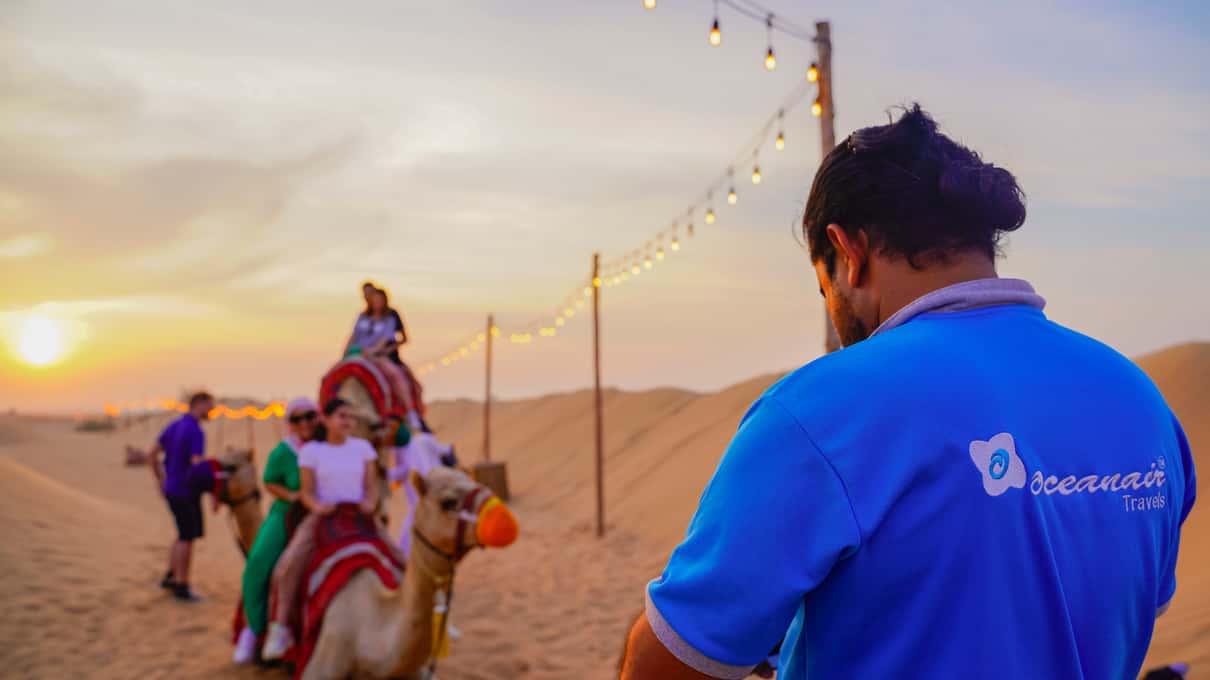 Viajeros montados en camello al atardecer en el campamento, bajo una guirnalda de luces, con un miembro del equipo de espaldas en primer plano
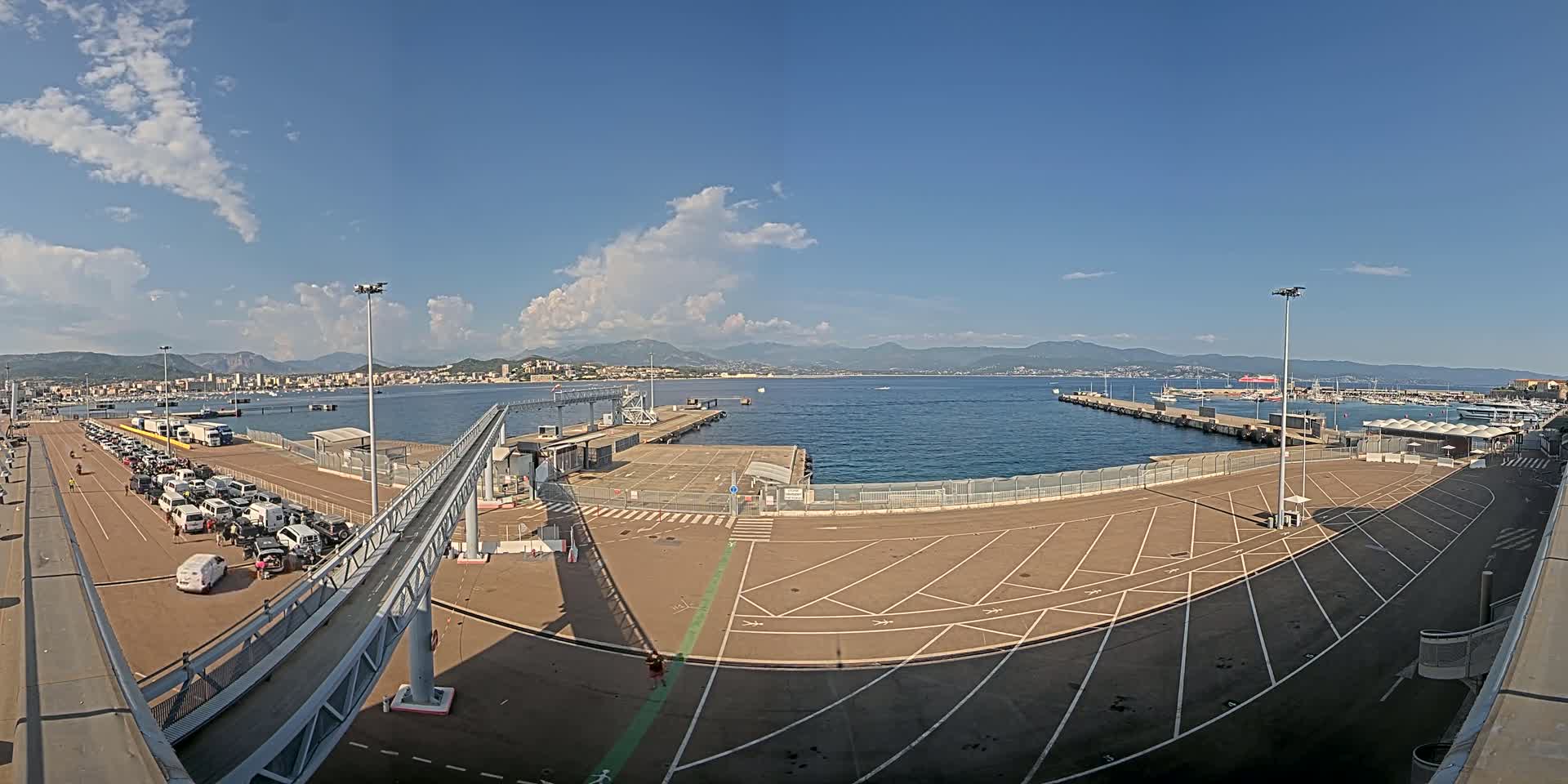 A mostly sunny day at a ferry terminal with a large empty parking lot, a walkway leading to a dock, and numerous vehicles parked near the terminal building; mountains and a body of water are visible in the background.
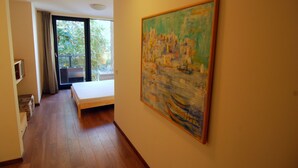 Ein Zimmer mit einem Bett, einem Gemälde und einem Balkon mit Blick auf Bäume.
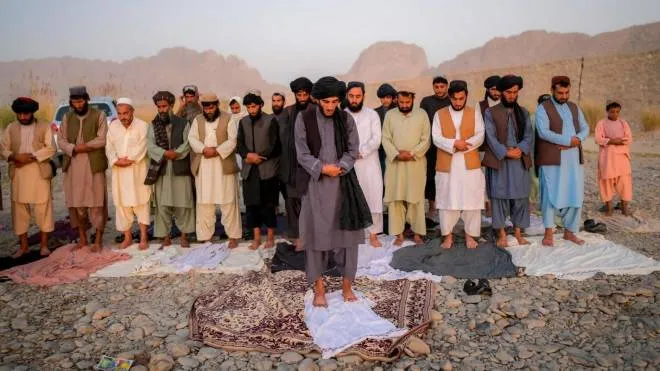TOPSHOT - In this picture taken on September 23, 2021, Taliban members pray on the banks of a river in Kandahar. (Photo by Bulent KILIC / AFP)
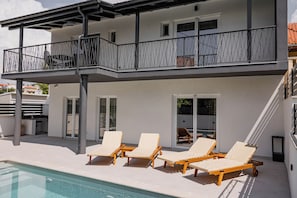 Ein modernes, zweistöckiges Gebäude mit Balkon, Außenbereich und Schwimmbad.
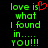 Green pixelated text reads "love is what I found in... you!!!" with a red heart symbol replacing the 'i' in 'is', displayed on a black background.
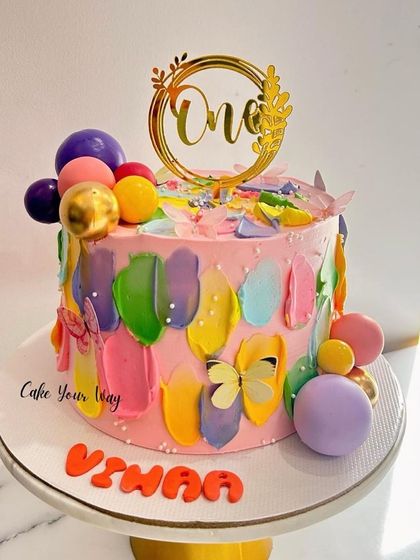 Sweet hues and tasty views on this colorful first birthday cake, decorated with abstract buttercream strokes and butterflies.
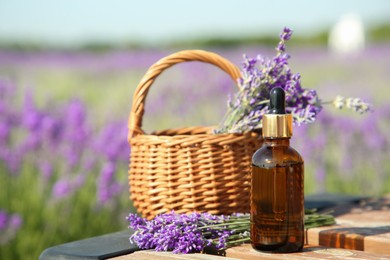 Photo of Bottle of essential oil and wicker bag with lavender flowers on wooden table in field outdoors, space for text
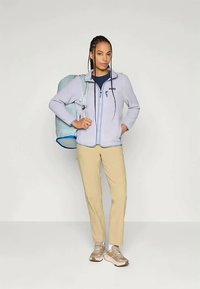 Heledsinine fleece'ist jakk, millel on ees lukku, beežid püksid ja heledat värvi pruunid tossud. Mudel hoiab käes sinist seljakotti, millel on sile tekstuur.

Work to be completed = From the records above, write out exactly the lines that begin at the line with "Ein Zimmer mit" and end at the line with "Ein modernes, zweistöckiges". Pictures must not appear in the output.

Solution =
 Ein Zimmer mit einem Bett, einem Gemälde und einem Balkon mit Blick auf Bäume.
TOPSHOT - In this picture taken on September 23, 2021, Taliban members pray on the banks of a river in Kandahar. (Photo by Bulent KILIC / AFP)
 Ein modernes, zweistöckiges Gebäude mit Balkon, Außenbereich und Schwimmbad.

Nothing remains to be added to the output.